Complaining When You're Commenting
REAL ISSUE: ‘I’m just making casual conversation!’
‘nor complain, as some of them also complained, and were destroyed by the destroyer.’ I Corinthians 10:10
RESEARCH AND STUDY
Do you realize how often people complain in casual conversation? Remember, complaining means to protest, whine, find fault, nitpick, nag, object, and criticize. But you can be engaging in small talk and someone will comment about how hot it is. Ask someone how they’re doing and you’ll get a litany of ailments. Compliment someone and they’ll tell you how inexpensive the item you just complimented really is. Let’s not even bring up President Obama and the economy. The common denominator in each example – complaining. You may not have intentionally set out to complain, but by your casual conversation you ended up there.
Or let’s use another example of commenting when you’re actually complaining. Say for instance a man is unattractive. The object of his affection commented to her friends he was so ugly that he looked like a backyard frog. What she said – was it a complaint or a comment? If you answered both, you’re correct. We learned in our last issue that another definition of complaining means to curse and when you curse you are saying something bad about someone. So you see her comment while having a casual conversation with her friends was actually a complaint.

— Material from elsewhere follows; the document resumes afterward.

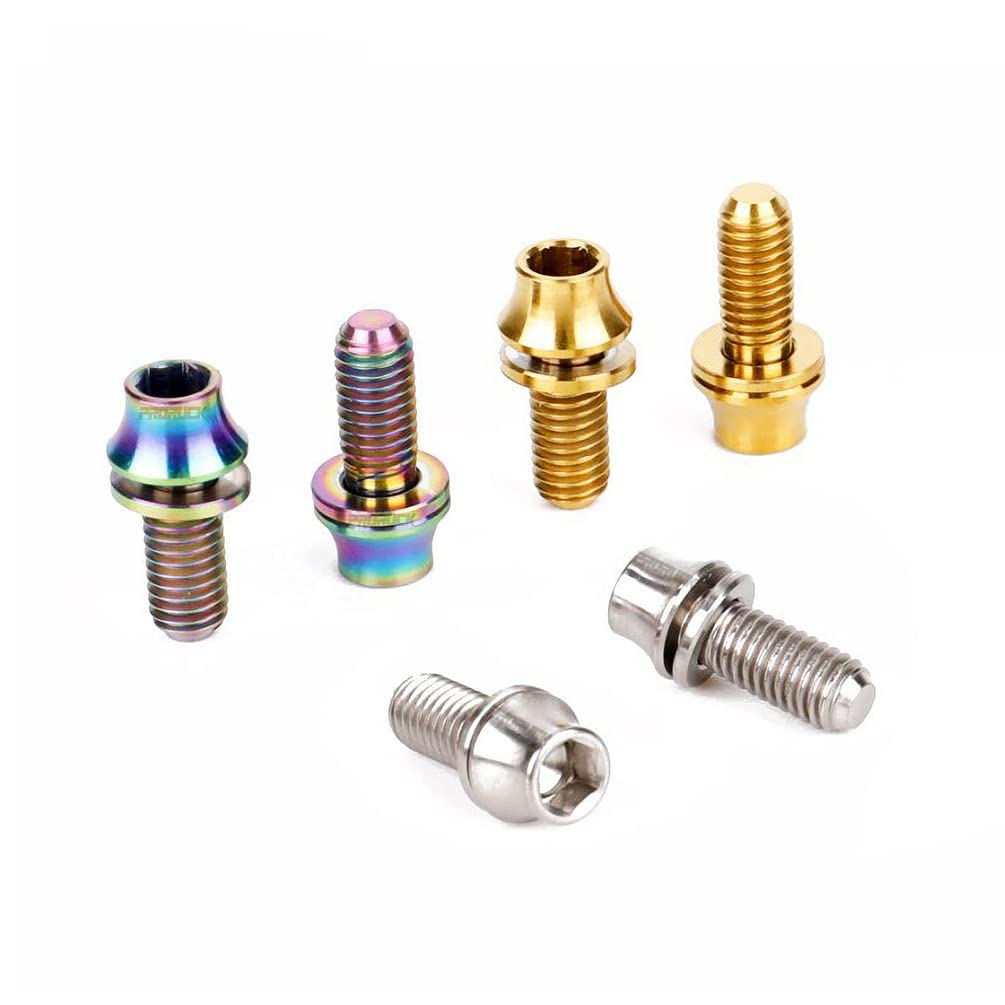 M5x12mm Titanium Bolt with Washers, Bicycle Water Bottle Cage Ti Bolts M5 x 12mm Bolt Hex Screw (4pcs, Multicolored)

Others complain or speak bad about people or situations because they feel that by doing so they’re telling it like it is. True, but that doesn’t make it right or that you were suppose to tell anything at all. God once told me to keep my penetrating observations to myself. Remember when our parents told us that ‘if you don’t have anything nice to say, don’t say anything at all’ – that’s sound advice.
Once again, 1 Corinthians 10:10 says, ‘…some of them complained and were destroyed by the destroyer.’ Remember, destroy means to lose. So let me ask you a question. If you knew that every comment, fly remark, or witty repertoire you took part in would result in you actually losing something, would you say it? Yeah, you might but know your verbal assaults will cost you something.
Listen to yourself, I mean really listen. Pay attention to how much of your day is spent casually commenting. Ask yourself, ‘will these conversations cause me to lose something?’ If so, ask God to forgive you and ask Him for grace for your casual conversations.
Enlist your relatives, friends, and co-workers. Take up a collection every time one of you complains. The person with the fewest occurrences wins!